Evolve Live Projections Without Downtime

Add columns, fix bugs, and replay events on live projections without downtime — using backfill, rebuild, and blue-green in Ecotone's ProjectionV2 for PHP.

Share
Evolve Live Projections Without Downtime

It is Friday afternoon. Your ticket_list projection has been running in production for six months. Then someone flags a problem: part of the dashboard no longer matches what the events say happened. A handler bug slipped in months ago and quietly miscategorized rows. Or maybe the product team asks for a new derived column — priority, computed from rules around TicketWasRegistered.

Different cause, same outcome: the data in your projection table is now incorrect or incomplete, and you need a way to fix it safely.

Deployments are straightforward when the projection logic stays the same. The problem starts when the logic changes and you need to replay events to rebuild the projection. As the event log grows, re-runs become slower: what once took minutes eventually takes hours, and what takes hours today may eventually take days.

This means we need clear strategies for replaying projections effectively, so the whole process remains smooth, safe, and predictable.

Why Projection Rebuilds Shape Team Behavior

Imagine you spent two days waiting. The dashboard was empty for most of it. The replay finally finishes at 3 AM, and the numbers do not match what you expected. Now you have to fix the handler, reset again, and wait another two days. Meanwhile, the column you were supposed to ship by Friday is still empty.

And of course there is more, what when something fails mid-rebuild - for example old Event cannot be deserialized, or there is bug in the projection handler. Does the whole process get stuck waiting for someone to come and investigate the next morning?

What if the volume of events grows? Do you have means to scale the rebuild together with the growth?

And here is what happens consequently. The way your projecting system works defines how your team treats it.

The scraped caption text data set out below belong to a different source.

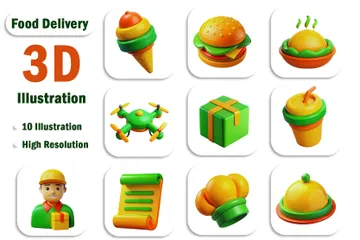 Entrega de comida Paquete de Icon 3D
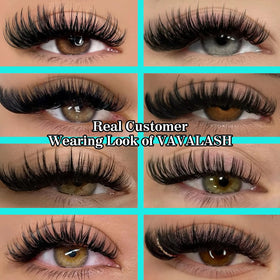 VAVALASH model wearing dark brown lashes for subtle enhancement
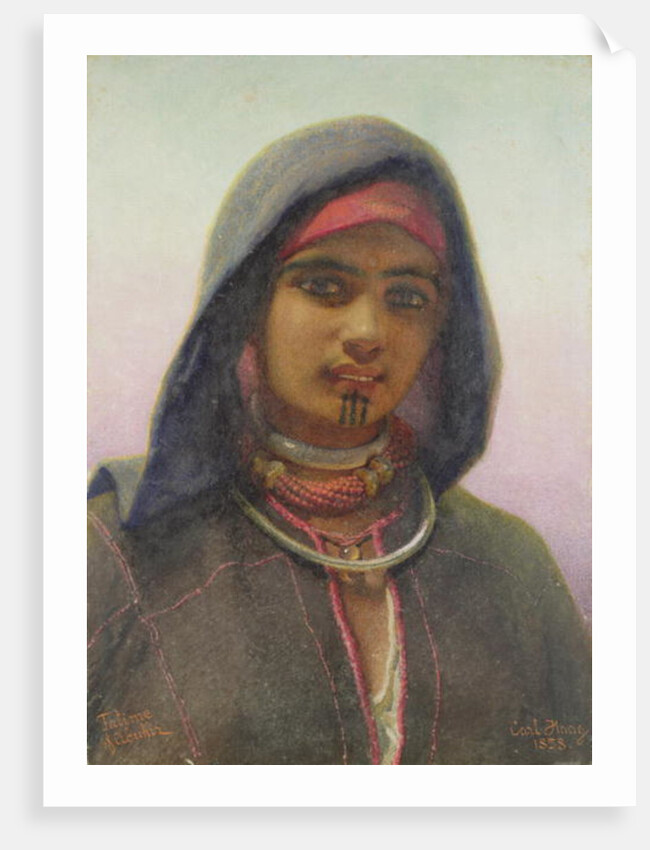 Fatime of Abukir, portrait of an Egyptian Fellaheen Girl, 1858 by Carl Haag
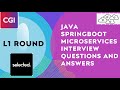 Core Java, Java 8, Spring Boot, Microservice Interview Questions | CGI | L1 Round Interview #java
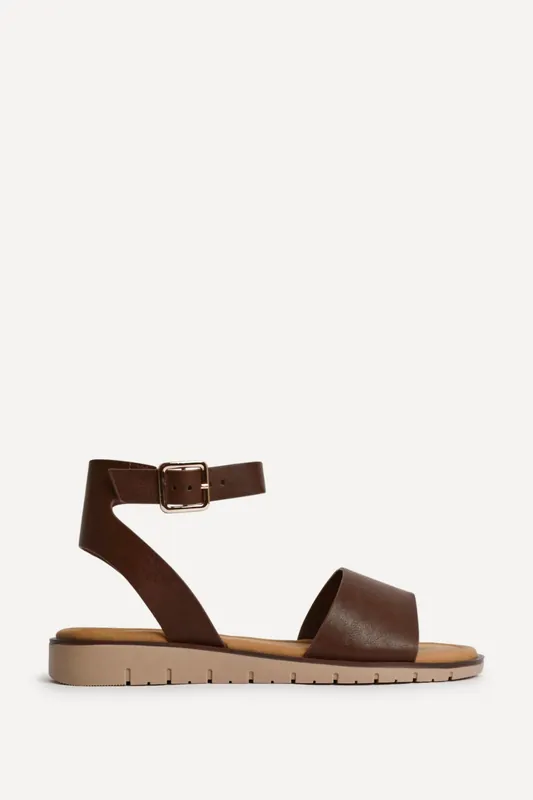 Denia Wide Fit Brown Sandals - Linzi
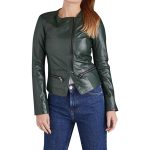 Green Vegan Leather Moto Jacket
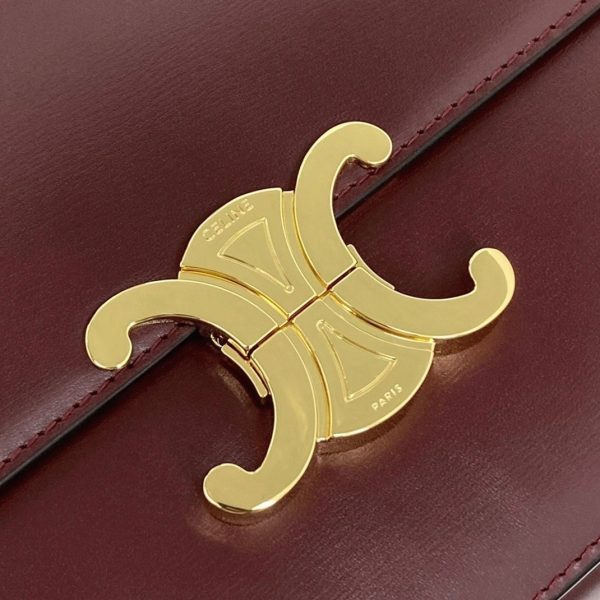 Faux Celine Triomphe Moyen Sac en bordeaux – Image 13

If a rebuild takes days, people will do everything they can to avoid running one. They will batch projection changes into rare "rebuild windows." They will modify projection table directly without running changes through rebuild. They will manually patch rows to fix individual bugs. Each of those workarounds chips away at the guarantee that "your read model is just a function of your events." Once enough manual patches accumulate, nobody trusts a rebuild anymore — because nobody knows if the result will look the same as what is in production.

So let's look at how to deal with all of this. We will start from the foundation — rebuild — and progressively layer on the extensions that make it recoverable, scalable, and safe enough to run alongside a live projection. Each step keeps the process maintainable and the team supported, so replay becomes a tool the team reaches for, not one they schedule around.

The No-Rebuild Tactic — Default Values as a Quick Win

Before reaching for any replay strategy, ask one question: does the new (or corrected) column actually need to be computed from history, or is a sensible default good enough for existing rows?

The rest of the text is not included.